That your .view files grow, each time you access a view is because CouchDB updates views on access. CouchDB views need compaction like databases too. If you have frequent changes to your documents, resulting in changes in your view, you should run view compaction from time to time. See http://wiki.apache.org/couchdb/HTTP_view_API#View_Compaction
To reduce the size of your views, have a look at the data, you are emitting. When you emit(foo, doc) the entire document is copied to the view to it is very instantly available when you query the view. the function(doc) { emit(doc.title, doc); } will result in a view as big as the database itself. You could also emit(doc.title, nil); and use the include_docs option to let CouchDB fetch the document from the database when you access the view (which will result in a slightly performance penalty). See http://wiki.apache.org/couchdb/HTTP_view_API#Querying_Options
Use sequential or monotonic id's for documents instead of random
Yes, couchdb is very disk hungry, and it needs regular compactions. But there is another thing that can help reducing this disk usage, specially sometimes when it's unnecessary.

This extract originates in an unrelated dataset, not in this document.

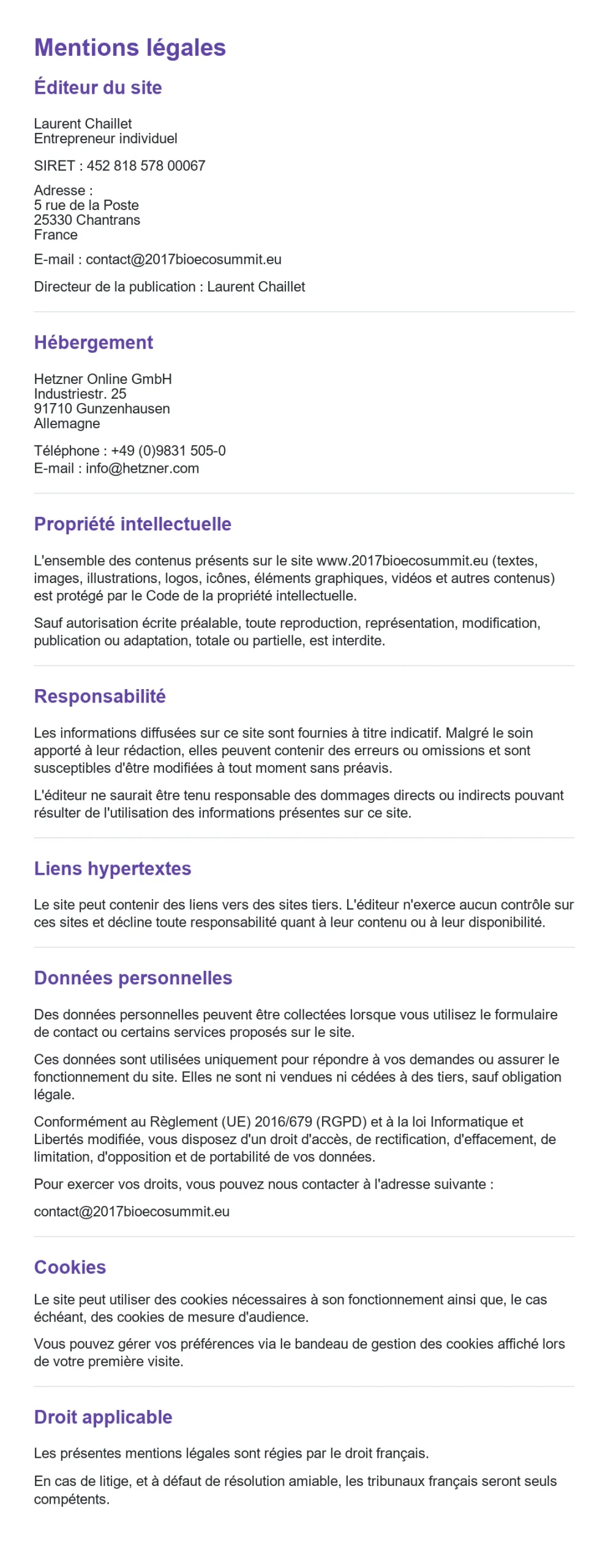Mentions legales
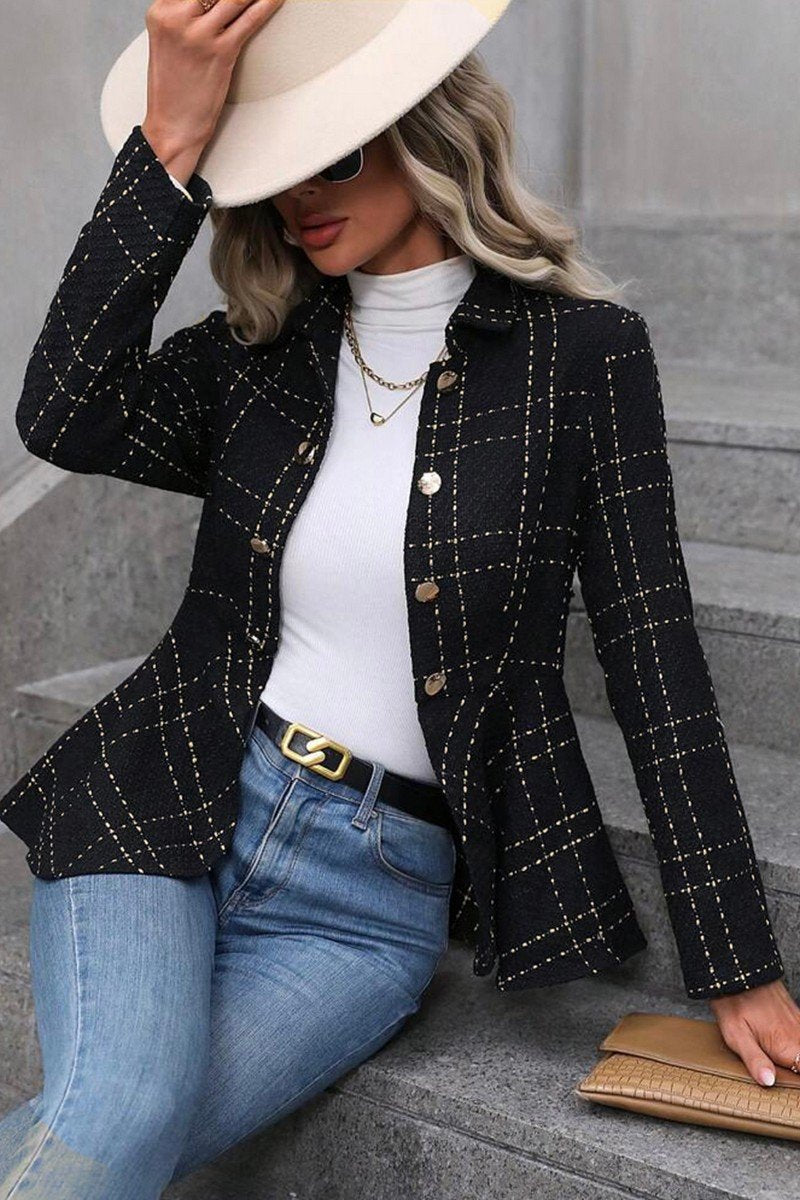 WOMEN RUFFLE HEM BUTTON CLOSURE OFFICE JACKET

Couchdb uses B+ trees for storing data/documents which is very good data structure for performance of data retrieval. However use of B-tree trades in performance for disk space usage. With completely random Id, B+-tree fans out quickly. As the minimum fill rate is 1/2 for every internal node, the nodes are mostly filled up to the 1/2 (as the data spreads evenly due to its randomness) generating more internal nodes. Also new insertions can cause a rewrite of full tree. That's what randomness can cause ;)
Instead, use of sequential or monotonic ids can avoid all.
I've had this problem too, trying out CouchDB for a browsed-based game.
We had about 100.000 unexpected visitors on the first day of a site launch, and within 2 days the CouchDB database was taking about 40GB in space. This made the server crash because the HD was completely full.
Compaction brought that back to about 50MB. I also set the _revs_limit (which defaults to 1000) to 10 since we didn't care about revision history, and it's running perfectly since. After almost 1M users, the database size is usually about 2-3GB. When i run compaction it's about 500MB.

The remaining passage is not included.